I am an engineer, not a linguist/semanticist, so I may be wrong in my belief
that it is how we use a word (by context, or with tone of voice or accent)
that decides where we are placing the word, at that time, in the range from
pejorative to adulatory. But that is my belief.
For instance, ‘profession’ is only pejorative if we indicate that we have
its Shavian definition of “a conspiracy against a laity” in mind.
And ‘higher’ is only pejorative when it occurs in phrase-constructions such
as “Further and Higher Education”, and if we are talking of effects on our
sense of smell.
We need our taxonomy of the various activities that have their roles in the
studying and learning processes, and ‘infotainment’ and ‘edutainment’ seem
to me to be useful recent additions.
David Wilson, in his posting, went on to give a helpful exposition of how
some activities in the academic world carry credits with them, but that
those credits will usually be irrelevant for the older clients of the
educational establishments.
My point, as for David in his language acquisition, is that we have to
manage to fit within the present framework or negotiate some suitable
extensions of the framework.
To get the services of academics that I felt I needed for my
self-development meant enrolling for an MA-by-research at my local
university in NE Thailand, and so I had to accept those ‘artificial
deadlines of accredited learning’ that David mentions.
Within that MA process, I found that I needed to catch up on where Futures
Studies had progressed to in the last quarter century and enrolled for an
on-line course with the University of Hawaii. As I didn’t want the three
credits, they enrolled me in an ‘ungraded-and-not-for-credit’ category that
cost me a few less dollars. I was impressed that they have extended their
framework in this way. (I attach the report of that on-line learning
experience that I did for the Strathclyde Conference.)

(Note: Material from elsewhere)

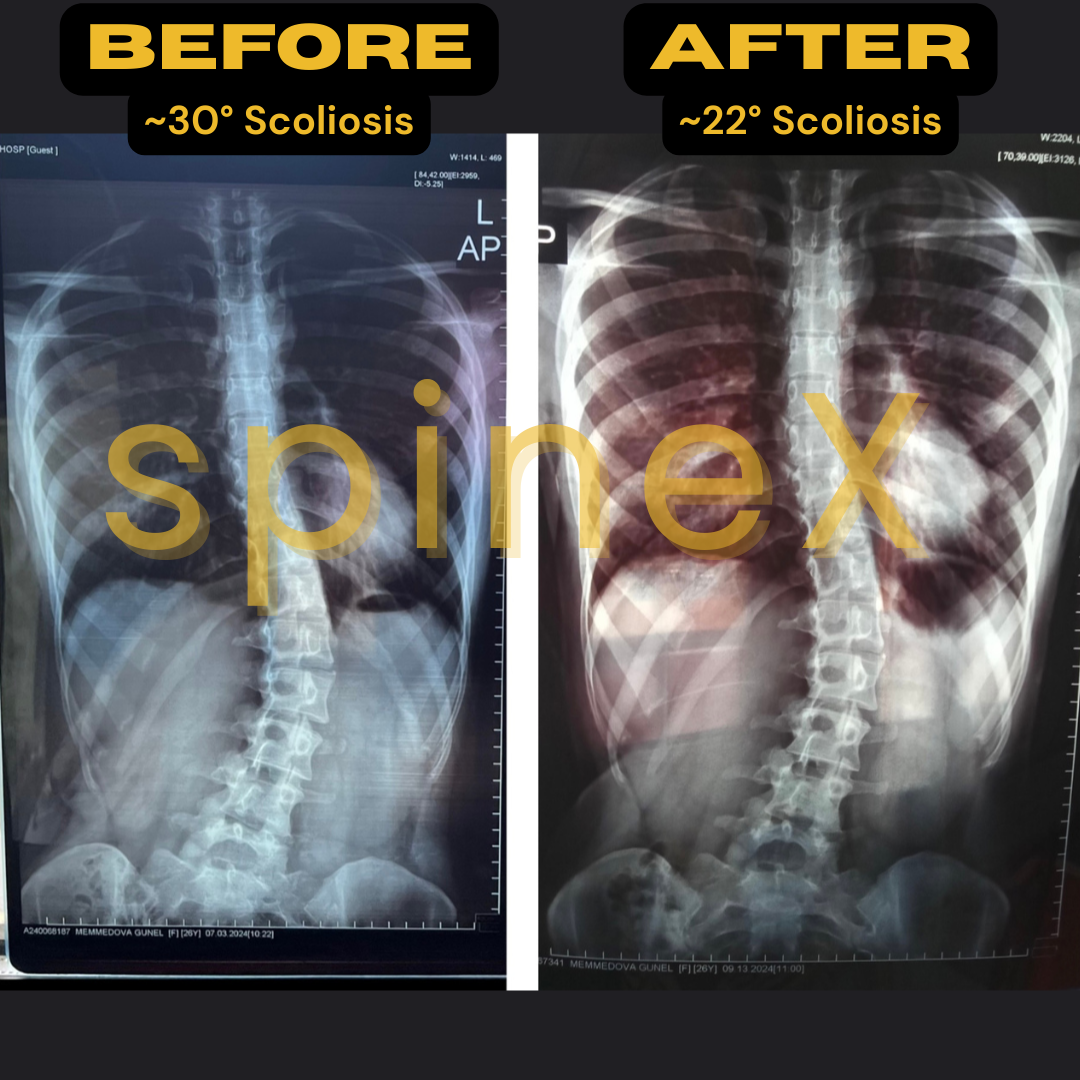 scoliosis x-ray before after with radiologist confirmed curvature reduction from 30 to 22 degrees and improved spinal alignment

Looking at how some universities in America are marketing themselves to us
oldies and making income from real estate for which they expect soon to be
unable to attract young clients, it is clear that provision for mature
studying and learning is going to be big business for academics, as well as
for the crews of cruise liners. We will live in interesting times, and
modifying the framework of accreditation will be an interesting process.